If you have good credit you probably won’t have much trouble qualifying for a personal loan to cover your emergency. With bad credit, you also have options, although more than likely you will have to pay a higher interest rate. In any case, always shop around for a lender who can offer the most reasonable rates. It isn’t likely that you will find the information you need to compare lenders on any single lender’s website, but sites such as readies.co.uk offer side-by-side comparisons of many lenders’ rates and terms. The site also has reviews from real users to help give you a clearer idea of the customer experience you can expect.
If you are as frugal about borrowing as you are about every other aspect of your finances, you’ll be able to handle your emergency with a minimum amount of stress, and you may even boost your credit rating.
And remember that deprivation is not the point
This may be the most important “frugality tip” of all. If you are accustomed to whipping out a credit card or turning on an app whenever you see something you want, without giving it a second thought, you might feel a sense of deprivation when trying to adopt more conservative spending habits. But don’t worry; you will survive this transition.

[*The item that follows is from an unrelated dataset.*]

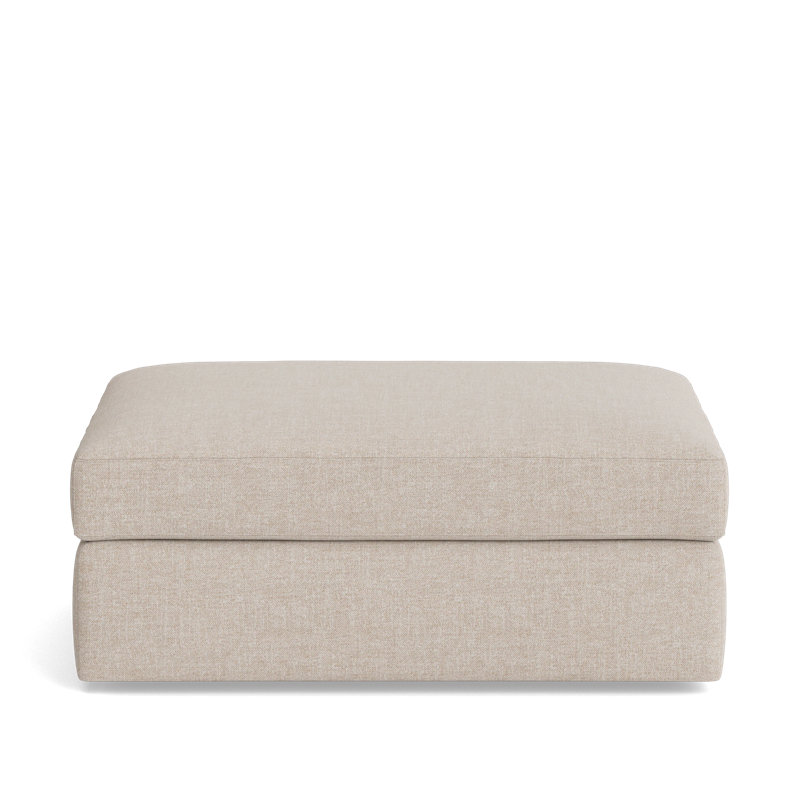 The OG Ottoman, Performance Weave - Natural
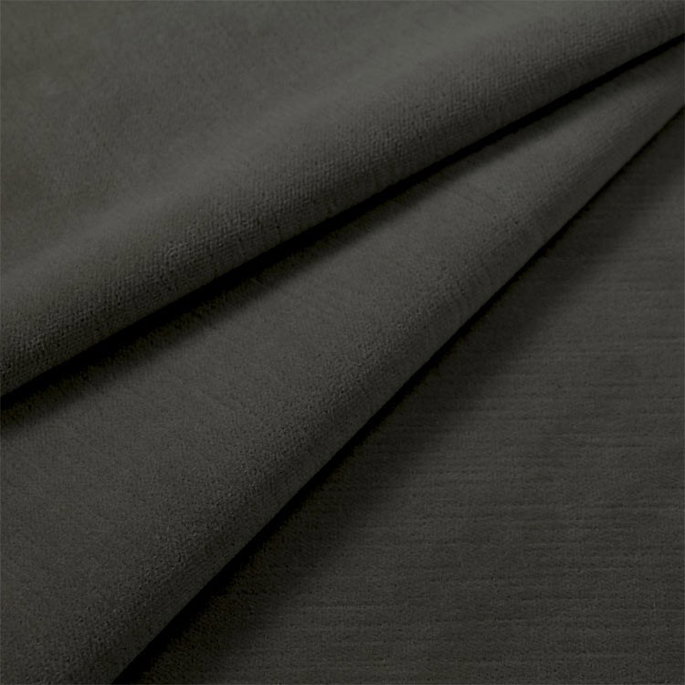 JB Martin Cannes Velvet Dark Grey Fabric image 2 of 2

Granted, reining in your impulses may take practice, and actually getting on a budget can take some getting used to as well. Frugality is a habit that doesn’t come easily or naturally to some people. But it’s important to remember that frugality is not the same thing as austerity or asceticism. Saving money is not about deprivation. It’s not about denying yourself and your family the things you need or even some of the things you want.
If you try to deprive yourself too much it’s very possible that you will either become bitter and resentful, or you will simply, at some point, throw all of your good intentions out the window. It’s somewhat like dieting to lose weight: eliminating all enjoyable foods and flavors from the menu can ultimately make you abandon your diet altogether as you scarf down an entire bag of cookies or a quart of ice cream.
Like dieting, money saving programs work best if you don’t go to extremes. You don’t have to impose a moratorium on shopping, going out to eat, or even taking a well-deserved holiday. With a little creativity and smart planning you can have as full and rich a life as you did in your spendthrift days – perhaps even fuller and richer (in all the ways that count!), because you’re learning to prioritize.
Smart money management involves finding a balance between spending and saving. It’s also about learning to distinguish between needs and wants, keeping in mind that there is nothing wrong with spending money on little luxuries once in a while. Indeed, rather than being synonymous with deprivation, frugality is about spending money on the things that matter to you the most. And one possible and very pleasant side effect of a frugal lifestyle is a reduction – or total elimination – of the stress that so often comes from mindless overspending.